13話「新年・2」
新年のお笑い特番を見ながら、ゆっくりとこたつに入る。
「お腹すいた」
芽依がそう言った時間は12時半。
私も腹が減った。
「そろそろお昼にしましょうかね。餅と雑煮どっちがいいかい?」
「両方餅じゃんそれ」
「まあ、そうだけども」
「そんなら餅で」
「私もお餅でいいですよ」
私と芽依は雑煮を食べることにした。
そうして食後、ゆっくりとしている時だった。
「はーい、あけおめー」
美菜がそう言いながら戸を開ける。
一瞬にして場が固まった。
「おお、美菜か」
「はあい、あけましておめでとう」
「う、うん」
「どうした、座らないんか?」
美菜はそう言われて座る。
芽依は彼女を見て、怯えているようだった。
テレビの音だけがする中、父が口を開く。
「なんだお前ら、まだ何かあるんか?」
「い、いや」
「無いんだろ、んじゃいいだろ。
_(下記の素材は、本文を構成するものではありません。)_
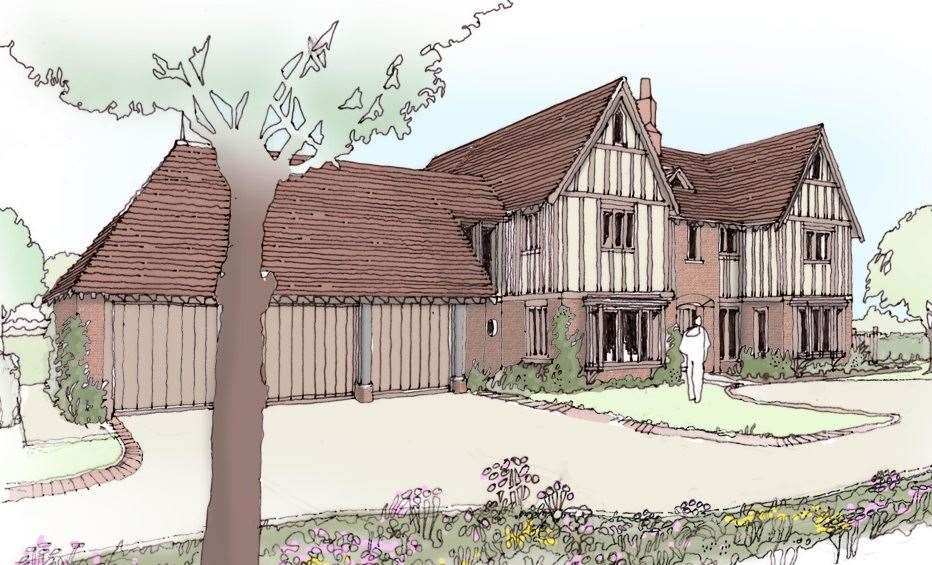 How one of the executive homes was set to look - developers submitted this image to Ashford Borough Council in 2017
それは終わった事だ」
父はみかんを口の中に入れる。
「この歳であまり説教くさいことは言いたくないけど、そうゆう事よ。あんまり深く考えることはない」
父はそう言ったが、昼飯を終えるまでにこの場の雰囲気が和む事はなかった。
まず言葉を発したのは美菜だった。
「芽依の様子はどう?元気でやってる?」
少し緊張したように、途切れ途切れに話す。
「あ、ああ。今はあれだけど、家じゃ元気だ」
「そう、それなら良かった」
「美菜さんの方はお変わりありませんか?」
「無いわね。悪い意味でも」
「なんだよ、そんな会社辞表届けでも叩き出してくれば」
「そんなの無理よ。あの会社がそんなの許可するわけない。それに今どき転職先なんて無いわ」
「ここで農業手伝うってのも良いと思うけどもね」
父と母はここで米を育てている農家だ。
「嫌よ、こんな何にもないところ」
「まあ、そう言わないでくれよ。これでも生まれ育った土地だ」
「若い人は殆ど出て行っちゃったからね。しょうがないけど」
その後も話をしていたが、芽依は口を開かなかった。
強いトラウマがあるようだ。
口を開かない芽依に、美菜は話しかける。
「どう、学校楽しい?」
芽依は「うん」と一言、小さく頷く。
「それは良かった」
そう言いながら頭を撫でる。
芽依は怯えていたが、撫でられると少し安心したように見えた。
だが2人の会話はそれっきりだった。